■ **WHAT THE TASK REQUIRES**
With the pictures set aside, write out all of the data exactly as it stands.

■ **DATA**
*** Begin section ***

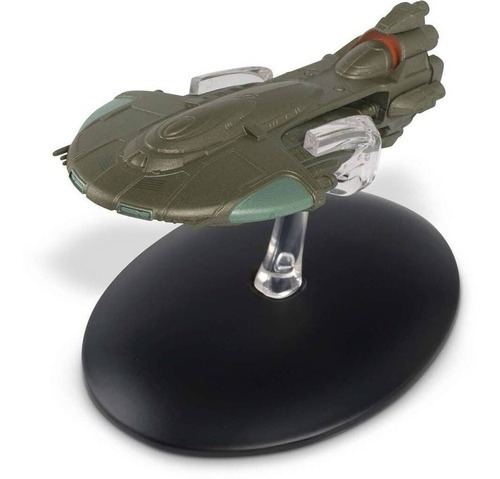 Coleção Star Trek Fascículo: Tellarite Cruiser - Edição 115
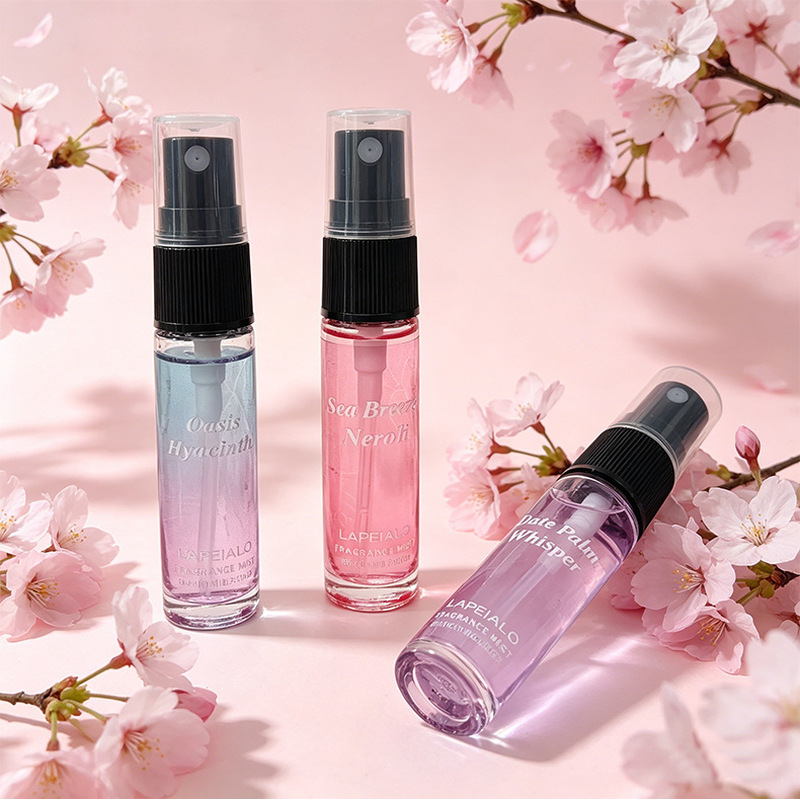 미니 홈 프래그런스 미스트 선물 세트 3개입 휴대용 방 - Home Fragrance Usa 리뷰 및 가격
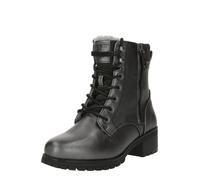 MUSTANG Stivaletto stringato grigio scuro Donna MUSTANG 37 grigio scuro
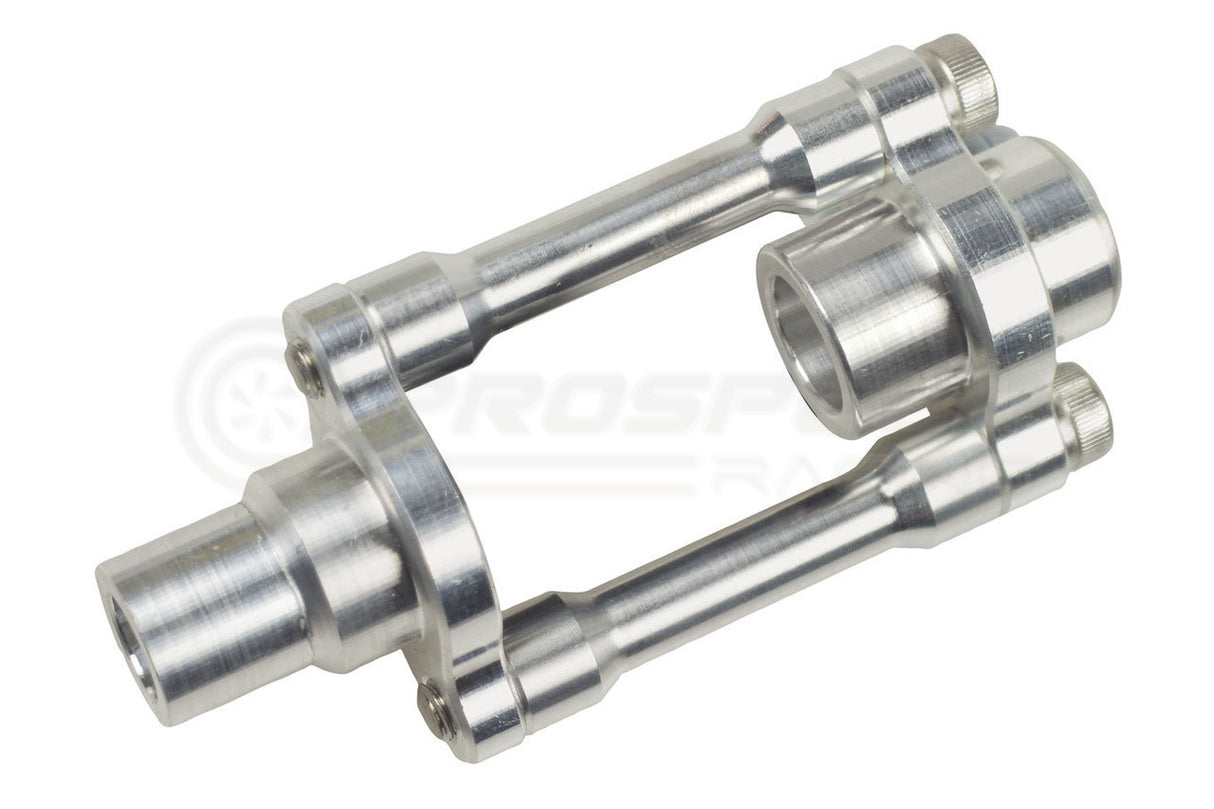 Raceworks Weld On Injector Mount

*** End section ***

■ **REPLY TO THE EXERCISE**
 Coleção Star Trek Fascículo: Tellarite Cruiser - Edição 115
 미니 홈 프래그런스 미스트 선물 세트 3개입 휴대용 방 - Home Fragrance Usa 리뷰 및 가격
 MUSTANG Stivaletto stringato grigio scuro Donna MUSTANG 37 grigio scuro
 Raceworks Weld On Injector Mount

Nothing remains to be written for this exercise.